In Isaiah 6 and in Revelation 4 the angels declare that God is “holy, holy, holy”. This is the only attribute of God that is emphasized in this way. God is never called “Love, love, love,” or “mercy, mercy, mercy”. Therefore, if we want to know God we must understand the idea of God’s holiness.
R.C. Sproul gives us a simple way to remember the definition of holiness,
The first prayer I learned as a child was the simple table grace: “God is great, God is good, and we thank Him for this food.” The two virtues assigned to God in this prayer, greatness and goodness, may be captured by the one biblical word, holy. [Essential Truths p. 47]

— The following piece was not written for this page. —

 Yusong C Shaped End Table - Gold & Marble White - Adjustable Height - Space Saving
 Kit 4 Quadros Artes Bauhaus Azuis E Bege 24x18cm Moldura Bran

So, there are two ideas to holiness. The first is the idea of greatness. One of the meanings of holiness is the idea of being “set apart”. God is apart from us . . . He is in a class by Himself. “There is a profound difference between Him and those He has created. When the Bible speaks of holy objects or holy people or holy time, it refers to things that have been set apart, consecrated, or made different by the touch of God upon them. It was the nearness of the divine that made the ordinary suddenly extraordinary and the common, uncommon.” [Sproul ibid.] Holiness means that God is transcendent (or unique and superior) in His greatness.
The second aspect of holiness (and the one we generally think of first) is the idea of purity. God is good. He does what is right and never does what is wrong. God is unstained by, and uncompromising with sin. God does not “bend a little” when it comes to wrong-doing. God always acts in a righteous manner because His nature is holiness. He is both great and good.
A CASE STUDY IN HOLINESS
The best way to understand Holiness is to look at a case study in Isaiah 6:1-8. The setting is sometime after the death of King Uzziah. Most of Uzziah’s story can be found in 2 Chronicles 26. He was for the most part a successful King. We do know that Isaiah ministered during part of Uzziah’s reign but we don’t know what kind of relationship they had. We can only speculate on what Isaiah’s state of mind was when he received the vision recorded in chapter 6. Perhaps Isaiah was concerned what would happen next in Israel. Maybe the vision had nothing to do with Uzziah at all.
Anyway, Isaiah has a vision. And there are several things that happen in this vision. The first thing we notice is GOD’S GREATNESS.
I saw the Lord seated on a throne, high and exalted, and the train of his robe filled the temple. Above him were seraphs, each with six wings: With two wings they covered their faces, with two they covered their feet, and with two they were flying. And they were calling to one another: “Holy, holy, holy is the LORD Almighty; the whole earth is full of his glory.” At the sound of their voices the doorposts and thresholds shook and the temple was filled with smoke.
Notice the details of Isaiah’s vision: God was on the throne. Uzziah may have died, but God was still on the throne. The throne was high and exalted which means that it is greater and exceeded all other thrones. The train (just the train) of His robe filled the temple. I don’t know why it is but when a bride walks down an aisle her dress often has a long “train”. Some of you remember the wedding of Diana and Prince Charles. Diana’s train was so long that there were people there to carry the train of her dress! Why? It is a symbol of royalty. The train of God filled the entire temple! His royalty far surpasses anything we have known or can imagine.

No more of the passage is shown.